(Short web captions)

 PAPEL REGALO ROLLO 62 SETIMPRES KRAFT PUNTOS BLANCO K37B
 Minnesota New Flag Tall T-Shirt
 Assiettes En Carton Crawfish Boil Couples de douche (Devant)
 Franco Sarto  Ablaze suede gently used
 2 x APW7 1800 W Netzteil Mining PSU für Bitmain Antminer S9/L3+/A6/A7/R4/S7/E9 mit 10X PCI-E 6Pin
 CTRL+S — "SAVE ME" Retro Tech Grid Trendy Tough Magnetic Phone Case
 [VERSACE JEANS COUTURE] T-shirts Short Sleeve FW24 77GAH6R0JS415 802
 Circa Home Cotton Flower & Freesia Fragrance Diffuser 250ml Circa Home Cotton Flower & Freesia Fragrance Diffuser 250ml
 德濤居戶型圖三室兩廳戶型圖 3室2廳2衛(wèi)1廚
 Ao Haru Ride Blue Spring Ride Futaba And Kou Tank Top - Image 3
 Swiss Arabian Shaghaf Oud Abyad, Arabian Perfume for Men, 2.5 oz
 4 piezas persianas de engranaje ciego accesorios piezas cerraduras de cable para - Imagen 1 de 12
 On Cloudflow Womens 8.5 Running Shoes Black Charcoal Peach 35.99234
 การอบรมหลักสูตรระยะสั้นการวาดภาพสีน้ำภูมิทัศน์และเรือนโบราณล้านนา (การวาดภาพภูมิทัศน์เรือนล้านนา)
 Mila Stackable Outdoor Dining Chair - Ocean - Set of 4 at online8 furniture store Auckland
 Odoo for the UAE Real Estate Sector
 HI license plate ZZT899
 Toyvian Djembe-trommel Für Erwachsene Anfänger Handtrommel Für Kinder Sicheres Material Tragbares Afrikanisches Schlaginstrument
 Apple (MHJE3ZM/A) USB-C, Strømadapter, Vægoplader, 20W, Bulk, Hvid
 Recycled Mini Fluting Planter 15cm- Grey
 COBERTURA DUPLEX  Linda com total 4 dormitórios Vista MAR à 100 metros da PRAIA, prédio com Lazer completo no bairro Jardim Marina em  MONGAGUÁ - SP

### EXERCISE AIM
Write out the records above exactly as given.

### EXERCISE ANSWER
 PAPEL REGALO ROLLO 62 SETIMPRES KRAFT PUNTOS BLANCO K37B
 Minnesota New Flag Tall T-Shirt
 Assiettes En Carton Crawfish Boil Couples de douche (Devant)
 Franco Sarto  Ablaze suede gently used
 2 x APW7 1800 W Netzteil Mining PSU für Bitmain Antminer S9/L3+/A6/A7/R4/S7/E9 mit 10X PCI-E 6Pin
 CTRL+S — "SAVE ME" Retro Tech Grid Trendy Tough Magnetic Phone Case
 [VERSACE JEANS COUTURE] T-shirts Short Sleeve FW24 77GAH6R0JS415 802
 Circa Home Cotton Flower & Freesia Fragrance Diffuser 250ml Circa Home Cotton Flower & Freesia Fragrance Diffuser 250ml
 德濤居戶型圖三室兩廳戶型圖 3室2廳2衛(wèi)1廚
 Ao Haru Ride Blue Spring Ride Futaba And Kou Tank Top - Image 3
 Swiss Arabian Shaghaf Oud Abyad, Arabian Perfume for Men, 2.5 oz
 4 piezas persianas de engranaje ciego accesorios piezas cerraduras de cable para - Imagen 1 de 12
 On Cloudflow Womens 8.5 Running Shoes Black Charcoal Peach 35.99234
 การอบรมหลักสูตรระยะสั้นการวาดภาพสีน้ำภูมิทัศน์และเรือนโบราณล้านนา (การวาดภาพภูมิทัศน์เรือนล้านนา)
 Mila Stackable Outdoor Dining Chair - Ocean - Set of 4 at online8 furniture store Auckland
 Odoo for the UAE Real Estate Sector
 HI license plate ZZT899
 Toyvian Djembe-trommel Für Erwachsene Anfänger Handtrommel Für Kinder Sicheres Material Tragbares Afrikanisches Schlaginstrument
 Apple (MHJE3ZM/A) USB-C, Strømadapter, Vægoplader, 20W, Bulk, Hvid
 Recycled Mini Fluting Planter 15cm- Grey
 COBERTURA DUPLEX  Linda com total 4 dormitórios Vista MAR à 100 metros da PRAIA, prédio com Lazer completo no bairro Jardim Marina em  MONGAGUÁ - SP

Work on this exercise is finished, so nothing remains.